__Problem details__.
In the material below, find the line with "37522 N 7th" and the line with "2005 HARLEY-DAVIDSON ROAD". Output exactly those two lines and all lines between them, leaving out pictures.
*** Opening Available data ***
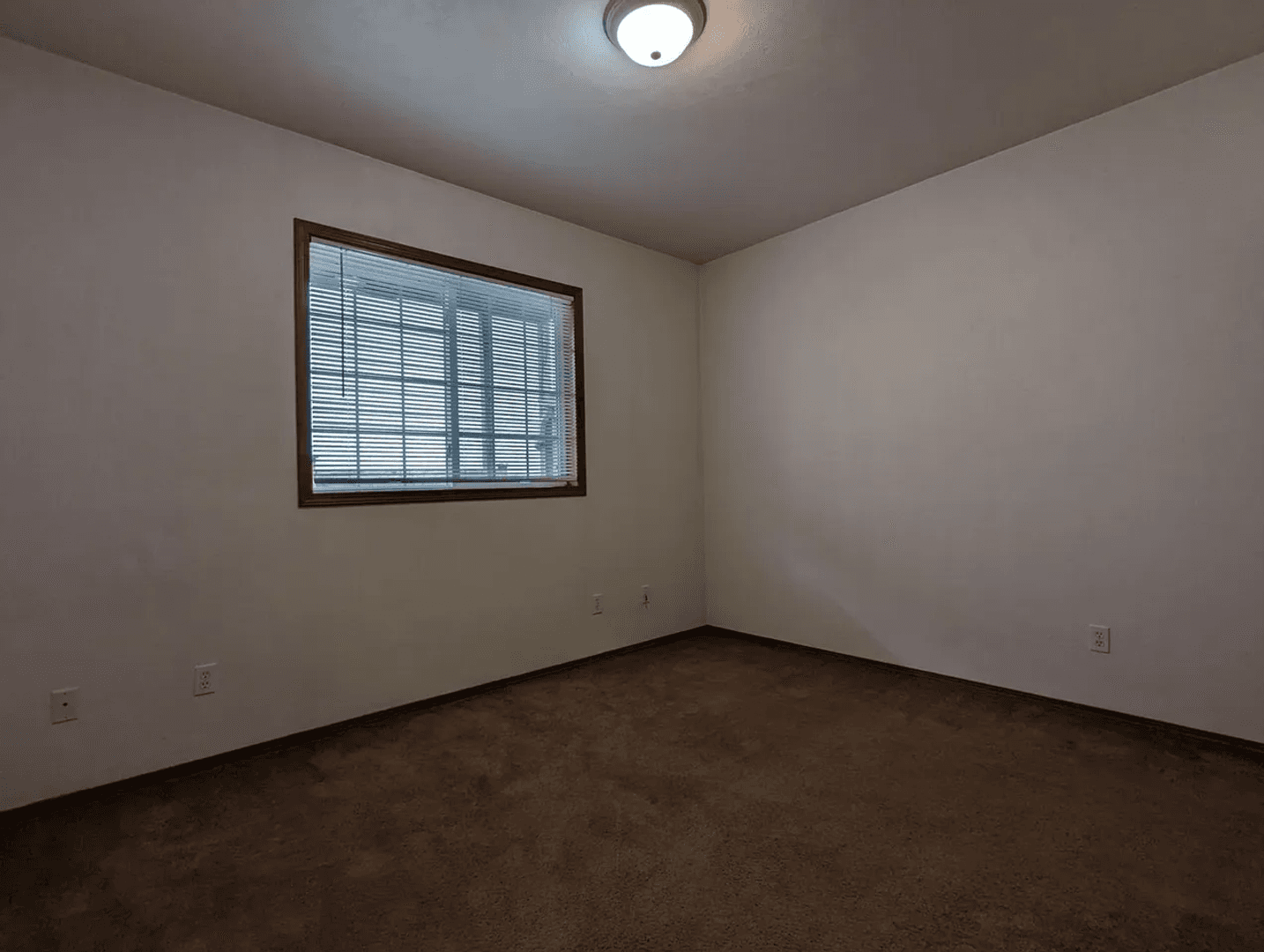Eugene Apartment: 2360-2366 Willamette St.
*** Closing Available data ***
*** Opening Available data ***
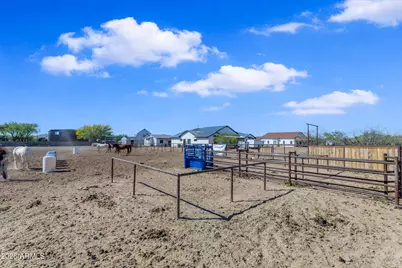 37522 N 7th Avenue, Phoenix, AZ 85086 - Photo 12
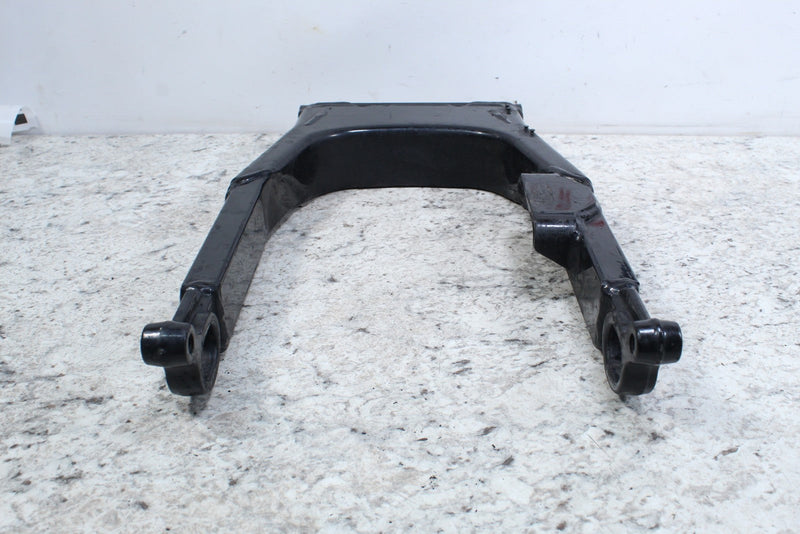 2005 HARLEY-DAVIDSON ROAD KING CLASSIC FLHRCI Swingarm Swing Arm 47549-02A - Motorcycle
*** Closing Available data ***
__Written response__.
 37522 N 7th Avenue, Phoenix, AZ 85086 - Photo 12
 2005 HARLEY-DAVIDSON ROAD KING CLASSIC FLHRCI Swingarm Swing Arm 47549-02A - Motorcycle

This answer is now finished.